Unfortunately, it’s not quite that simple.

The reality is there are countless other ways that we in Michigan could pay to fix our roads. However, unless 56 members of the House of Representatives and 20 members of the Senate vote in favor of a proposal, it’s just an idea or a wish, not a plan. For the last 18 years, since the last gas tax increase in 1997, there has been only one real road-funding bill that has made it through both the House and Senate and landed on Gov. Rick Snyder’s desk. That’s Prop 1.

For better or for worse, this is the democratic process in action. These are the legislators we elected. And each is making what he or she believes is the best decisions given the situation.

And, yet, they simply have not been able to agree on any road funding plan other than Prop 1. That means there is no bill sitting in Lansing waiting to be signed by the governor if Prop 1 fails. Nor is there likely to be one any time soon.

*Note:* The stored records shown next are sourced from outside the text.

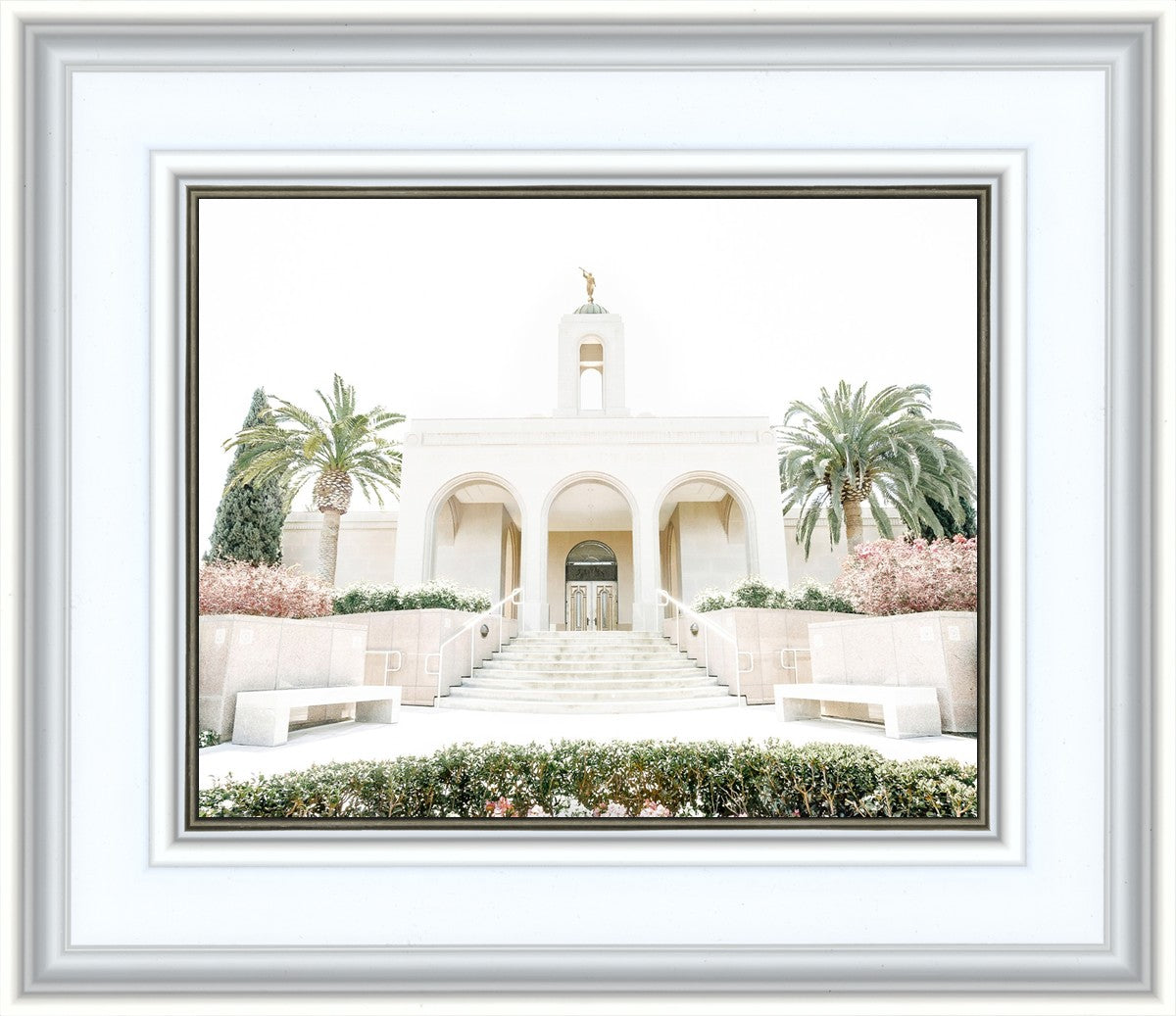 Sweet is The Work Newport Beach California Temple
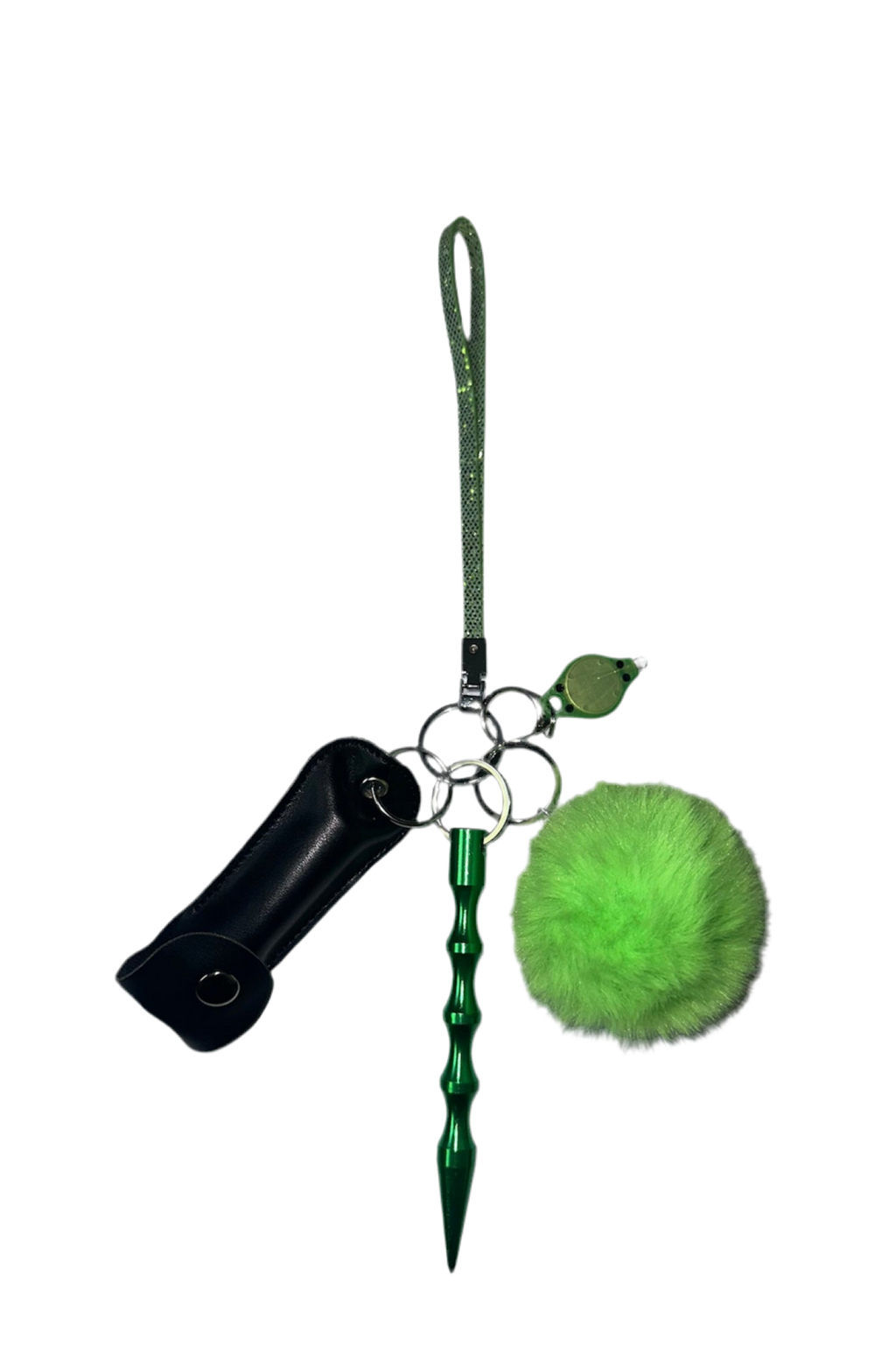 Bitter Lime Bling Set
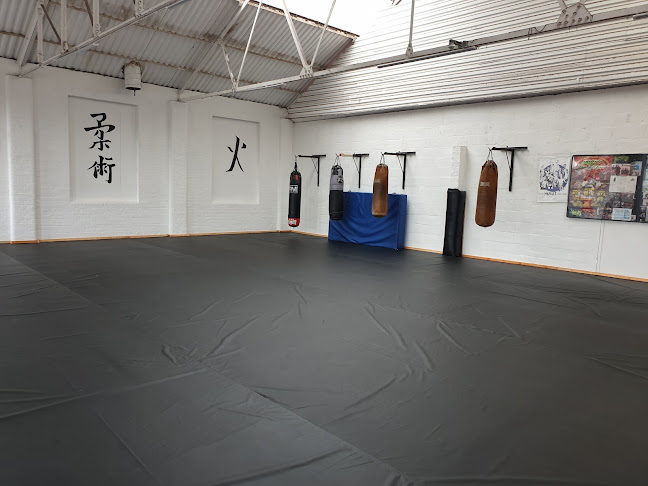 CRA Cardiff (Brazilian Jiu Jitsu) - School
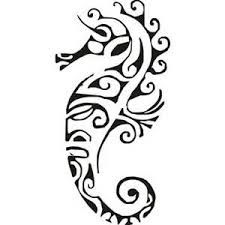 225x225 Best Seahorses To Draw Images Seahorse Drawing, Horses - Seahorse Line Drawing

If it were easy to pass a road-funding bill, the Legislature would have done it over the last couple of years. Nor is there any agreement on which of the numerous alternative road-funding plans is best. In the past, that lack of agreement has repeatedly meant that nothing got done on the issue.

If you are expecting the Legislature to jump into action to enact a plan B proposal if Prop 1 fails, I suspect you may be waiting a lot longer than you think. In the meantime, our roads will continue to deteriorate and the cost to repair them will go up.

Prop. 1 may not be perfect, but it will ensure Michigan’s roads are repaired and that the cost to do so does not continue to grow and get pushed onto the next generation.

So, when someone tells you about a plan B, ask them which legislators support it and then do the math: If they don’t have a majority in both chambers, they don’t have a plan. They have a wish.

Dennis G. Kolar is managing director of the Road Commission for Oakland County.